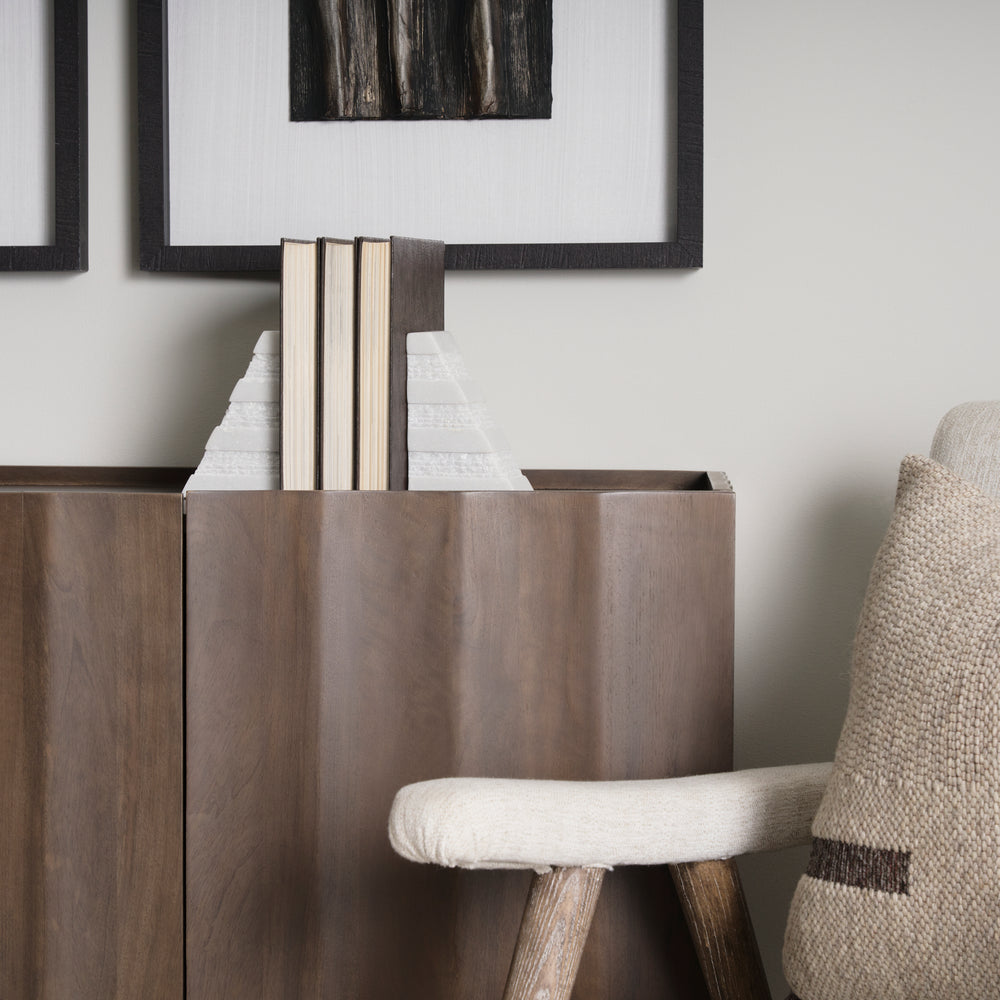 Cavetto Bookends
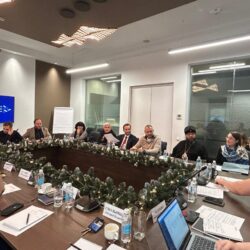 Митрополит Матфей принял участие в заседании Совета по туризму и гостеприимству фонда «Центр стратегических разработок»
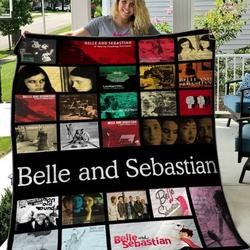 Belle And Sebastian Quilt Blanket M240503  Quilt and Home Decor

========================

The whole listing above is to be repeated exactly, apart from its pictures.

 Cavetto Bookends
 Митрополит Матфей принял участие в заседании Совета по туризму и гостеприимству фонда «Центр стратегических разработок»
 Belle And Sebastian Quilt Blanket M240503  Quilt and Home Decor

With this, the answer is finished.